Dataset content below:

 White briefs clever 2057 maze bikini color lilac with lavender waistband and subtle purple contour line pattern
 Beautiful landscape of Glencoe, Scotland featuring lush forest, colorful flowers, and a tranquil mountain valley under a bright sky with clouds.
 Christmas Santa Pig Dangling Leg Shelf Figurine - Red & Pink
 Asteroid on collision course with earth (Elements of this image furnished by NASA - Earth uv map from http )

End of Dataset content.
Dataset content below:

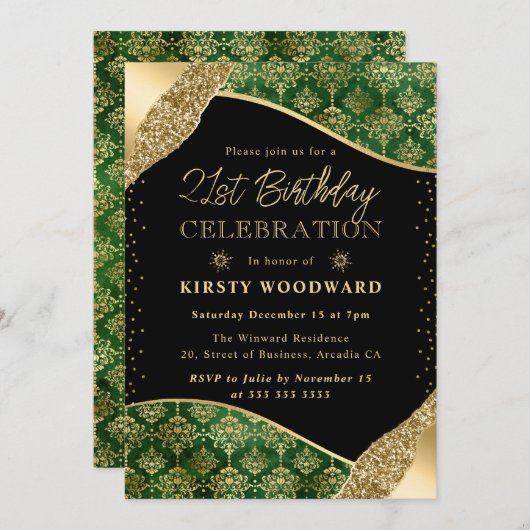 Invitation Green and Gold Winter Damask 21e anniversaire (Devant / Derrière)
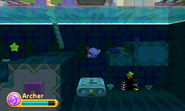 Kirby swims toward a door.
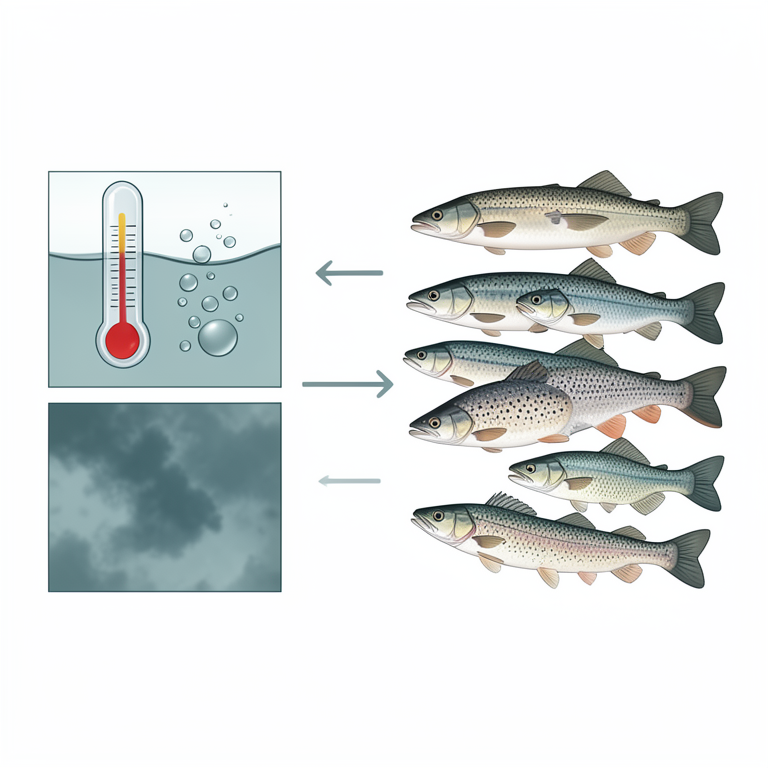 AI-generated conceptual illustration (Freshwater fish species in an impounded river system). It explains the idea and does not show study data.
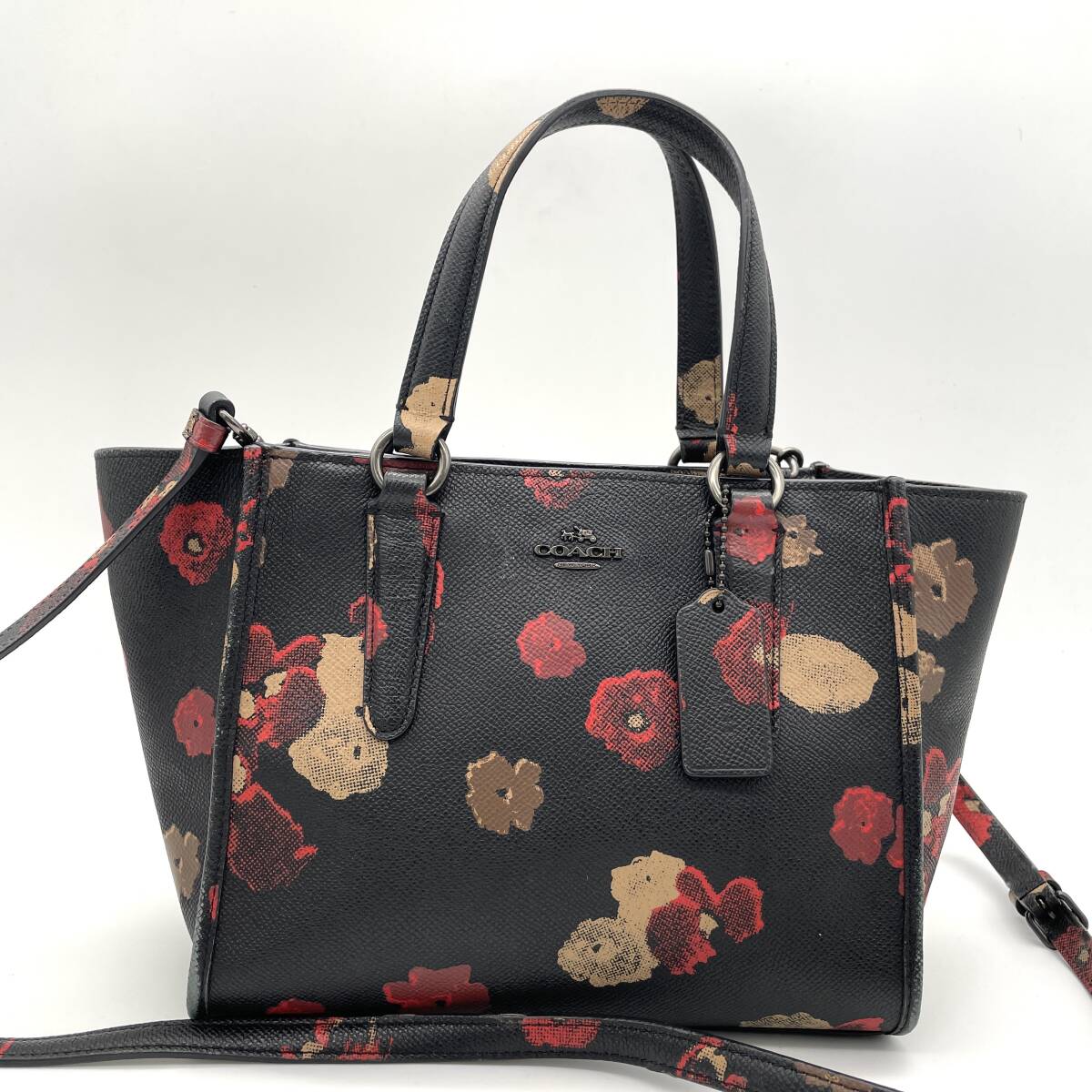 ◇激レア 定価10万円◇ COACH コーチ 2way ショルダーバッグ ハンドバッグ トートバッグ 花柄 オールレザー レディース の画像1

End of Dataset content.
Dataset content below:

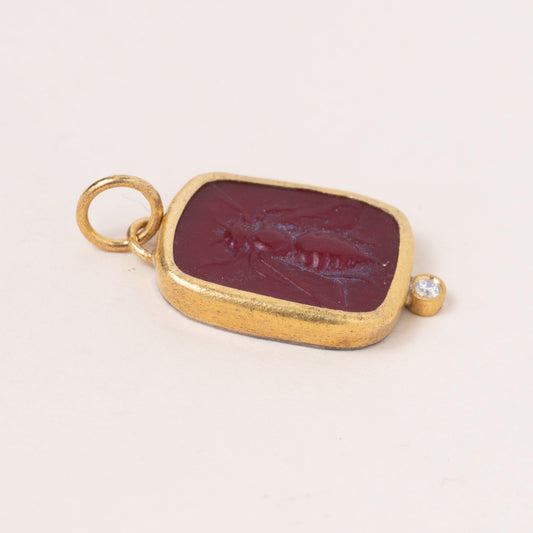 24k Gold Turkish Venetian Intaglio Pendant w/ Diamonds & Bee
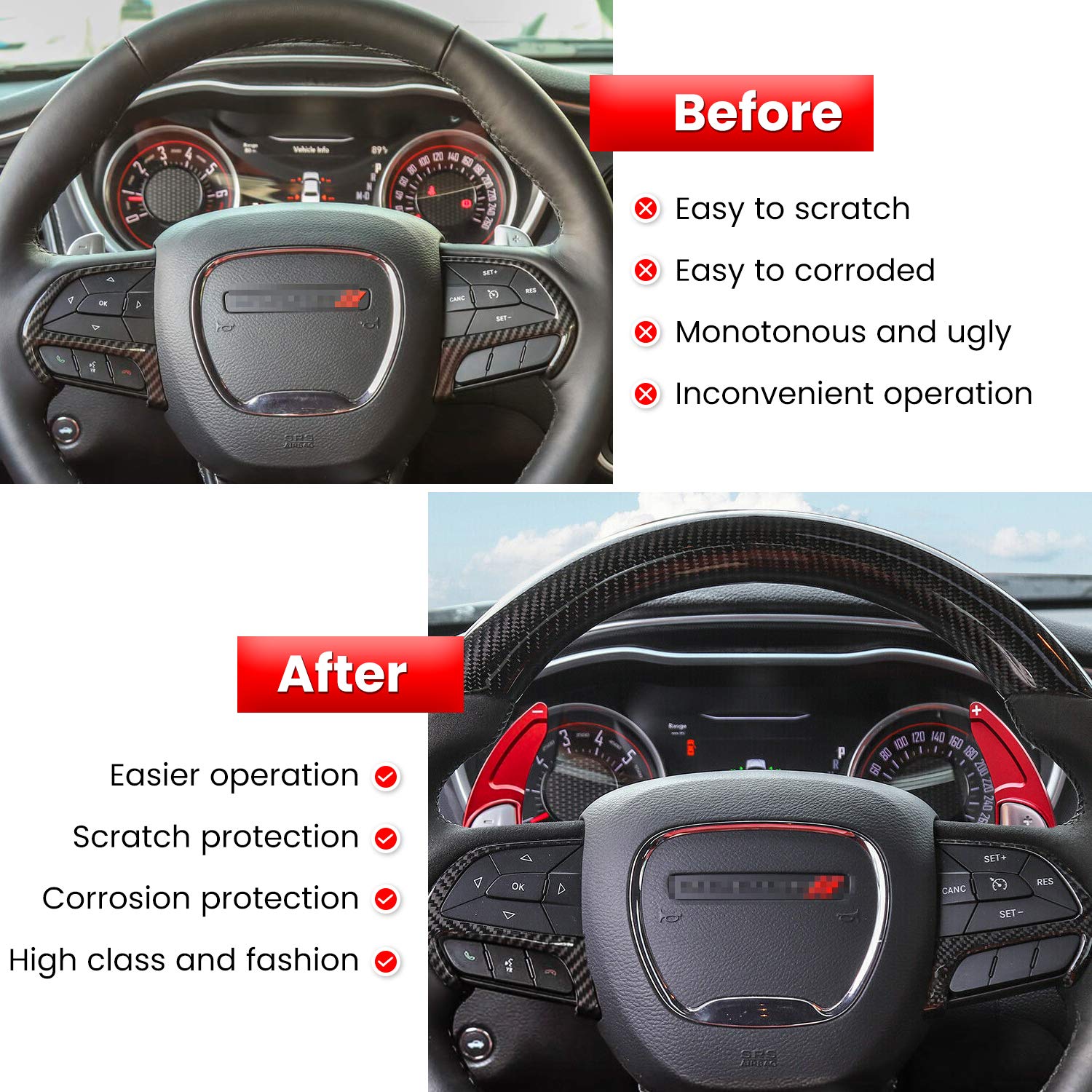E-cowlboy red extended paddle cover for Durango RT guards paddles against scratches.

End of Dataset content.

- **Task details**
The answer is the run of lines above from the line containing "Beautiful landscape of" through the line containing "Asteroid on collision", copied exactly and alone.

- **Output for this exercise**
 Beautiful landscape of Glencoe, Scotland featuring lush forest, colorful flowers, and a tranquil mountain valley under a bright sky with clouds.
 Christmas Santa Pig Dangling Leg Shelf Figurine - Red & Pink
 Asteroid on collision course with earth (Elements of this image furnished by NASA - Earth uv map from http )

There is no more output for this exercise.